## How to complete this task
Every entry below should be copied exactly, minus the pictures.

## Records shown
================================

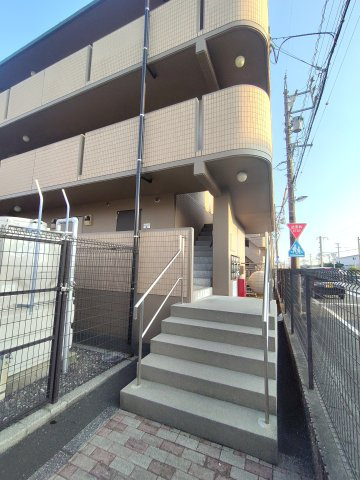 オンディーヌのエントランス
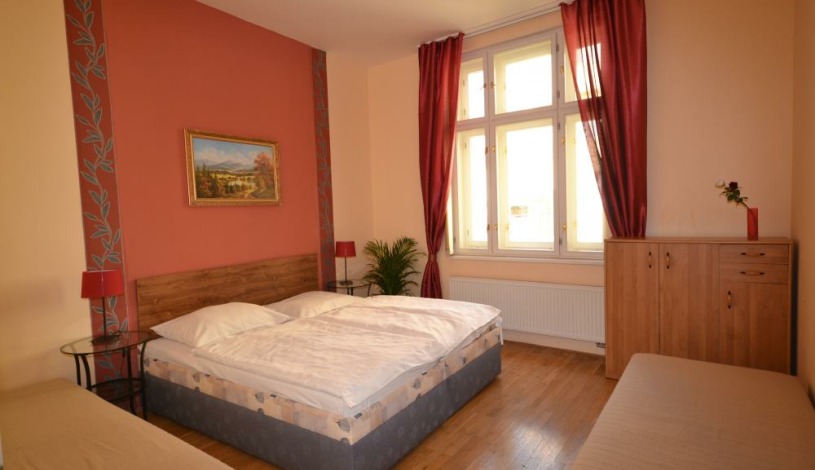 Apartments Wenceslas square Praha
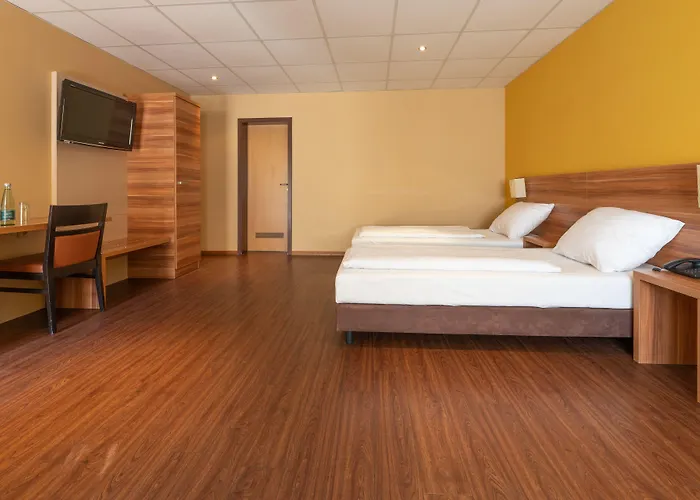 Strohofer Hotel Geiselwind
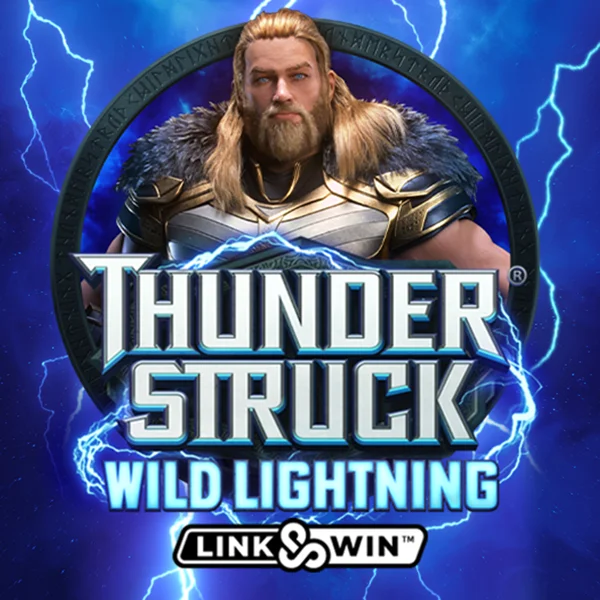 Thunderstruck Wild Lightning - RICHES138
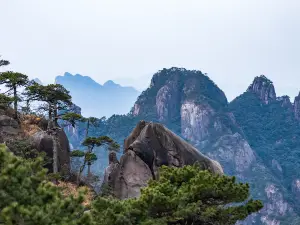 Yunvkaihuai Scenic Spot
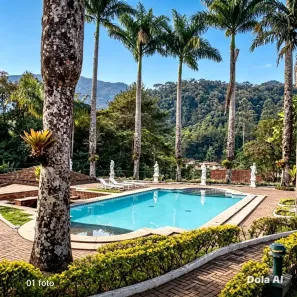Casa com 6 Quartos à venda, 520m² no Carlos Guinle, Teresópolis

================================

## Solution
 オンディーヌのエントランス
 Apartments Wenceslas square Praha
 Strohofer Hotel Geiselwind
 Thunderstruck Wild Lightning - RICHES138
 Yunvkaihuai Scenic Spot
Casa com 6 Quartos à venda, 520m² no Carlos Guinle, Teresópolis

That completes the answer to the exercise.